BEGIN MATERIAL FOR THIS TASK
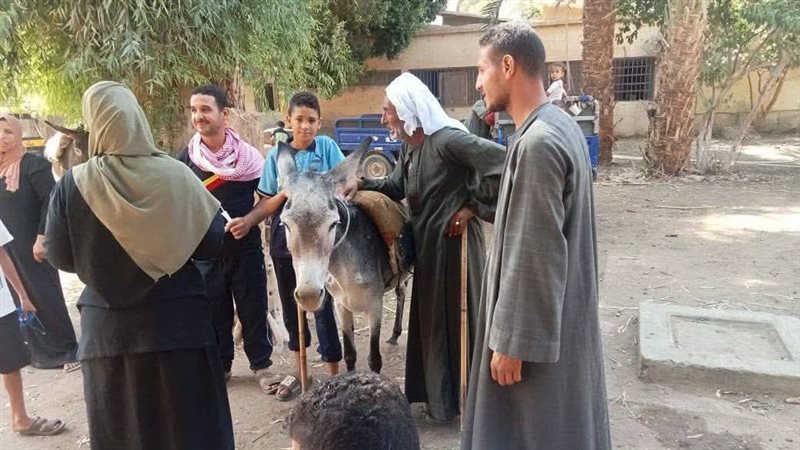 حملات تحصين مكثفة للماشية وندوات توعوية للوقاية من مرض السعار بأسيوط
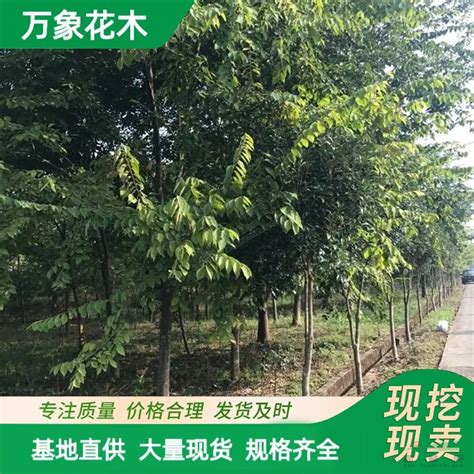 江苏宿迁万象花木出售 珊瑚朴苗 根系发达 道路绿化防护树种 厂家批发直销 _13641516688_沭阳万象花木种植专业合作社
END MATERIAL FOR THIS TASK
BEGIN MATERIAL FOR THIS TASK
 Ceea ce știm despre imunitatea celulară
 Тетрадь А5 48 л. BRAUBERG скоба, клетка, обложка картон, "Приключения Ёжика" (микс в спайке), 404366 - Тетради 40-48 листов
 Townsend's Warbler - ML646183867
END MATERIAL FOR THIS TASK
BEGIN MATERIAL FOR THIS TASK
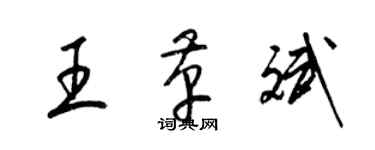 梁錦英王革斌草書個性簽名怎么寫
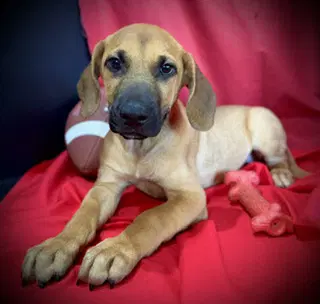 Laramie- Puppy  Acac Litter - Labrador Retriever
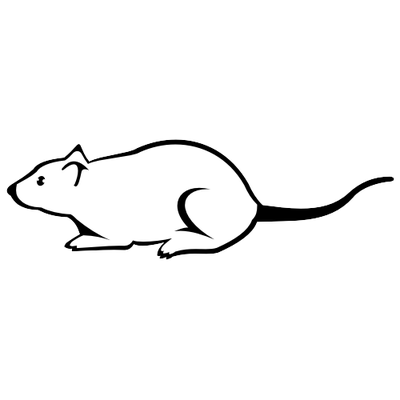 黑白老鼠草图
END MATERIAL FOR THIS TASK
Look above for the line holding "Ceea ce știm despre imunitatea celulară", then set down exactly that line and every line after it up to and including the line holding "Townsend's Warbler - ML646183867", with nothing else.

 Ceea ce știm despre imunitatea celulară
 Тетрадь А5 48 л. BRAUBERG скоба, клетка, обложка картон, "Приключения Ёжика" (микс в спайке), 404366 - Тетради 40-48 листов
 Townsend's Warbler - ML646183867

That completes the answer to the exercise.